9 de enero de 2009

La caida

Caías del décimo piso y como vivo en el séptimo del mismo edificio, te vi por la ventana cuando pasaste. Tu aspecto era desaliñado, la mirada desorbitada, la ropa en desorden. Te imagino con los esfínteres flojos.
En el vuelo, parecías un cóndor desahuciado o un presidente que ha perdido la guerra.
Seguro que en el trayecto hasta llegar al suelo no tuviste tiempo para pensar; aunque de cualquier forma, tampoco hubieras podido revertir la ley de la gravedad.

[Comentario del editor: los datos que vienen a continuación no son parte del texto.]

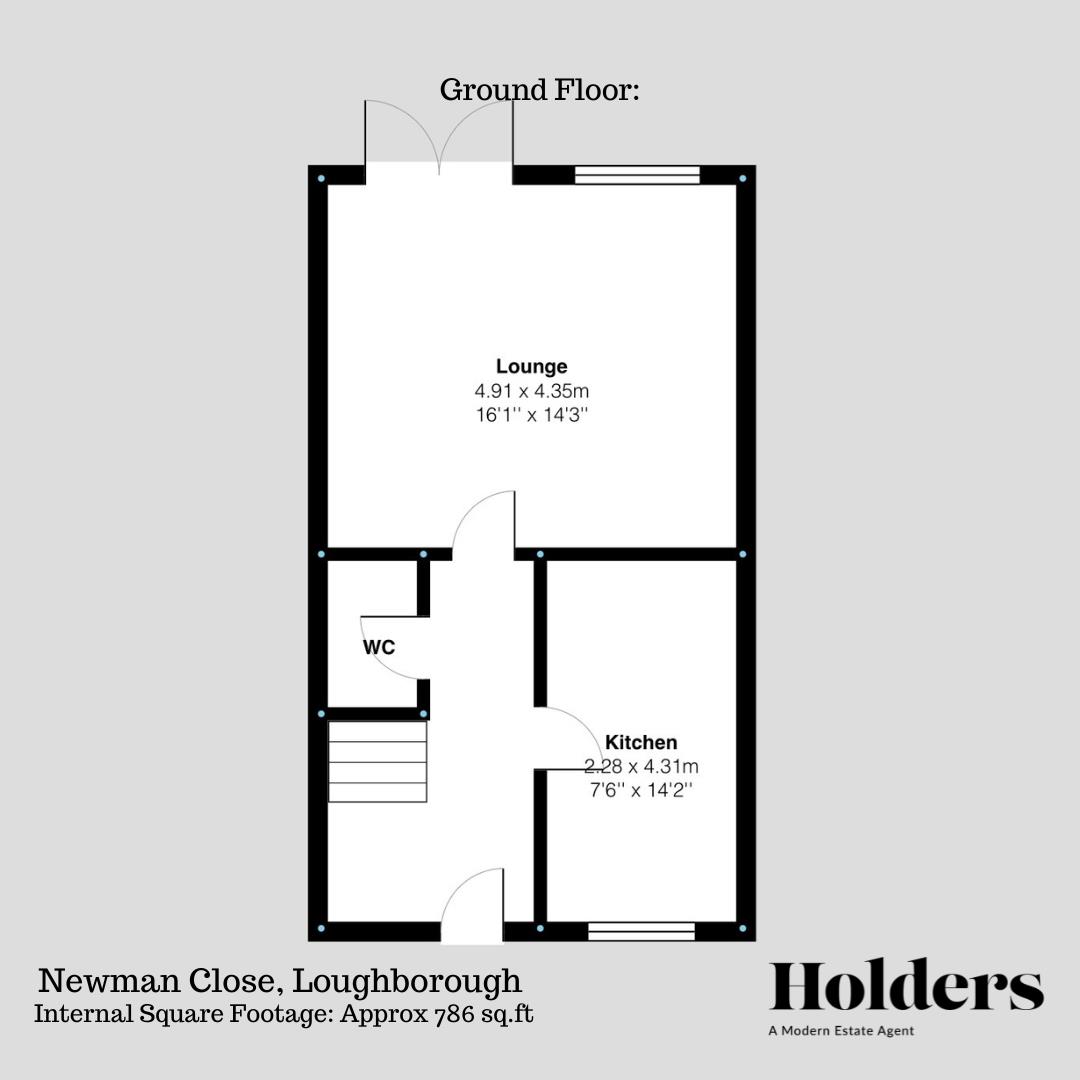 Ground Floor Floorplan for Newman Close, Loughborough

Por lo visto, no era un ensayo, no había doble en esta pirueta mortal. La manija de la que te agarrabas a la vida estaba rota sin remedio y el pasamano que te sostenía al borde del abismo, se quebró.
Cuando diste el envión desde la azotea, quedaste en manos del azar, y para colmo en su parte más siniestra, donde están amontonadas las tragedias y los dolores.

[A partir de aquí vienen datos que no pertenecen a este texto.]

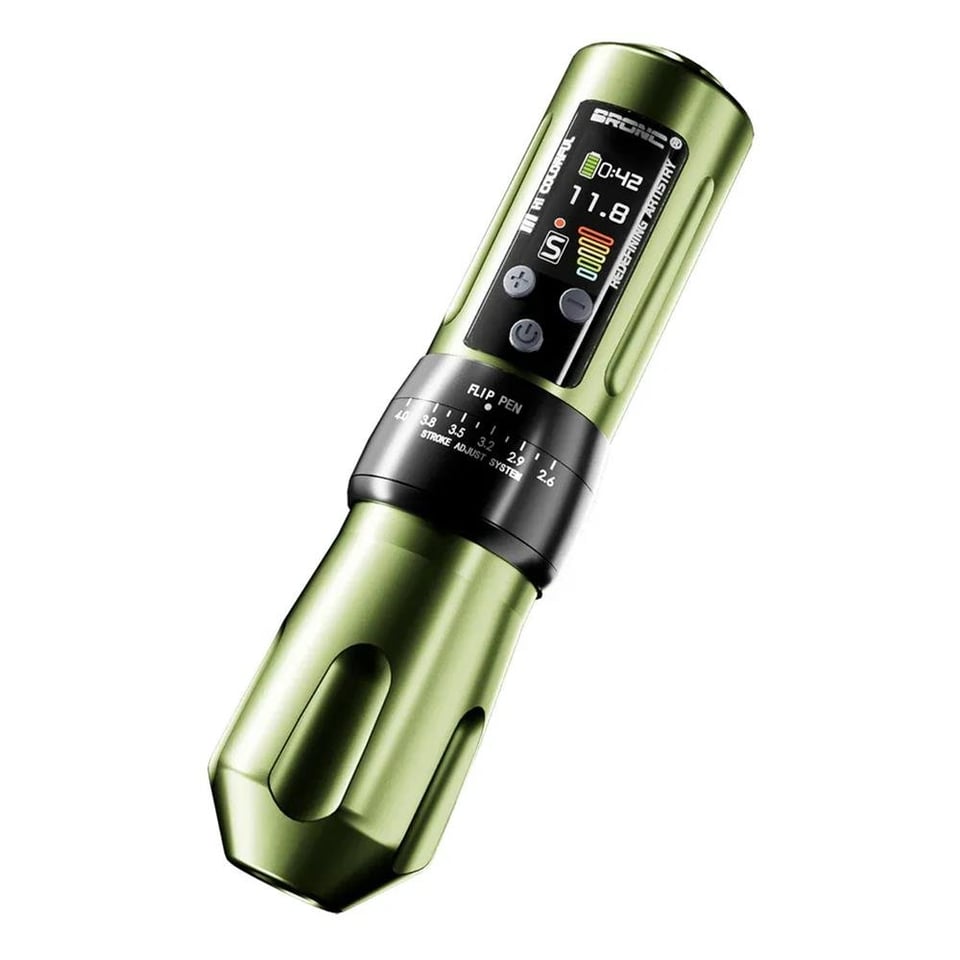 Bronc X2 Stroke Ayarlı (2.6-4.0) Kablosuz Pen Dövme Makinesi - Yeşil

Perdóname, no supe como despedirte en ese instante cuando pasabas frente a mi ventana. No se me ocurrió nada. Pude haberte dicho como expresión de deseo: “Que te sea breve el trayecto, breve la agonía y numerosa la comitiva que te acompa-ñe al camposanto”.
Y aunque parezca mezquino recordarlo, tu inoportuna y funesta decisión impidió vender mi departamento, que se había desvalorizado por el escándalo.